Task statement:
Write out every record below exactly as it stands, leaving the pictures out.

========================

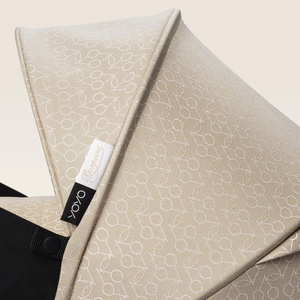 Poussette STOKKE YOYO3 0+ noir-BONPOINT beige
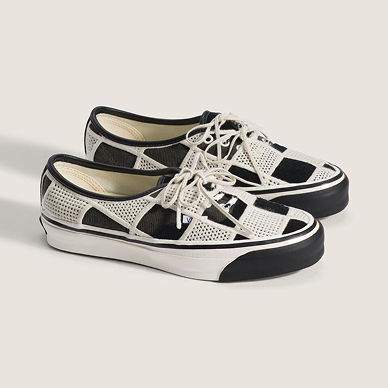 Premium Checkerboard Authentic Shoe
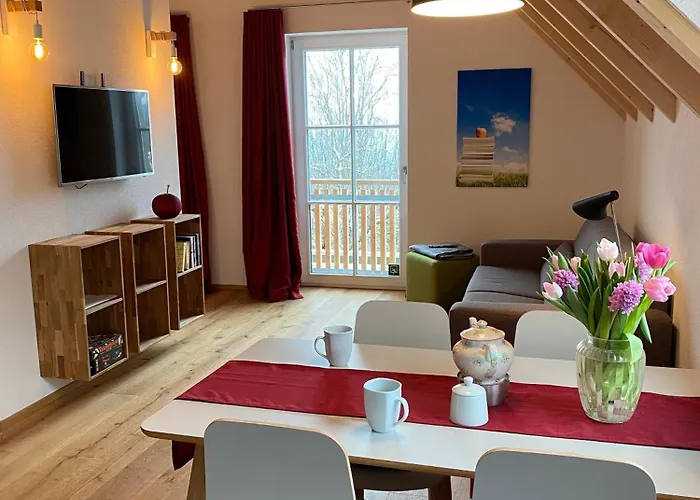 Apfelkroenchen Appartement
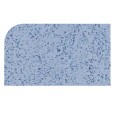 Dienblad Versa Tray Speckled Blue 1/1 Gn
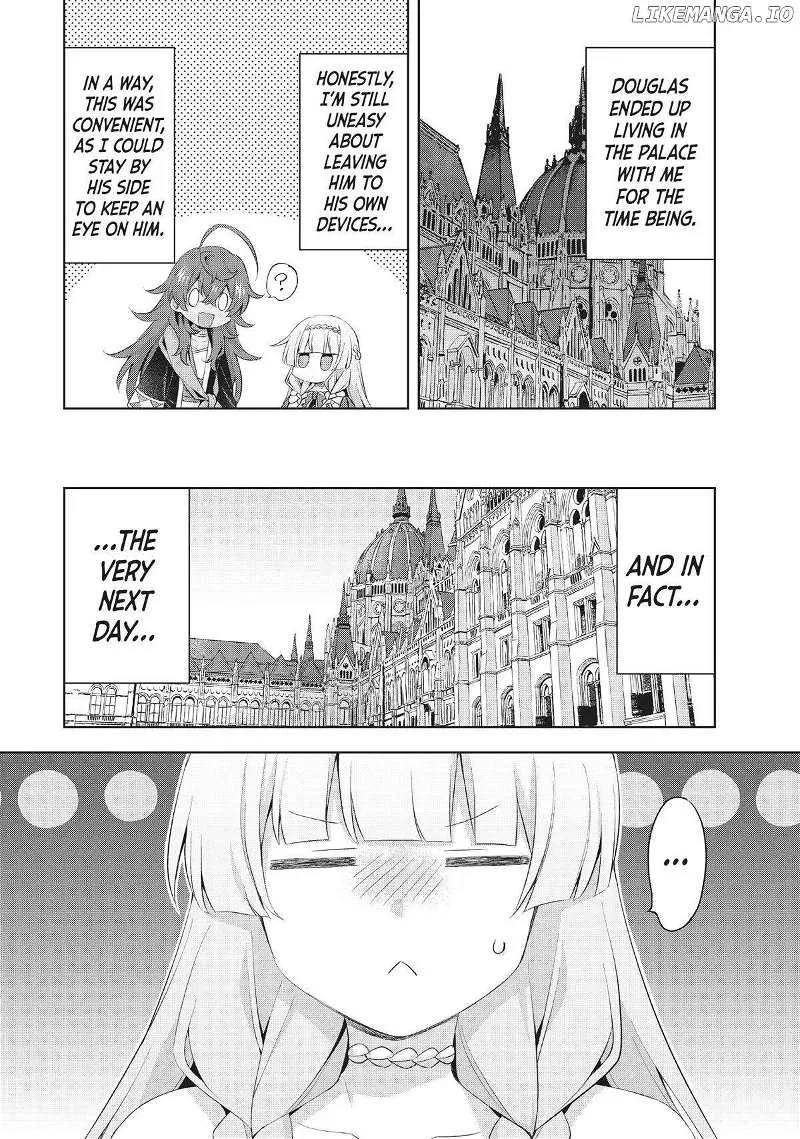 Shin no Seijo de aru Watashi wa Tsuihou Saremashita. Dakara Kono Kuni wa Mou Owari desu Chapter 12 page 19 - 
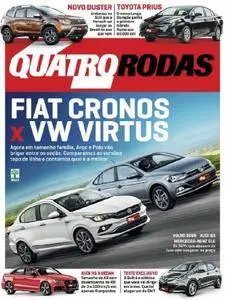 Quatro Rodas - Brazil - Issue 705 - Fevereiro 2018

========================

Response below:
 Poussette STOKKE YOYO3 0+ noir-BONPOINT beige
 Premium Checkerboard Authentic Shoe
 Apfelkroenchen Appartement
 Dienblad Versa Tray Speckled Blue 1/1 Gn
 Shin no Seijo de aru Watashi wa Tsuihou Saremashita. Dakara Kono Kuni wa Mou Owari desu Chapter 12 page 19 - 
 Quatro Rodas - Brazil - Issue 705 - Fevereiro 2018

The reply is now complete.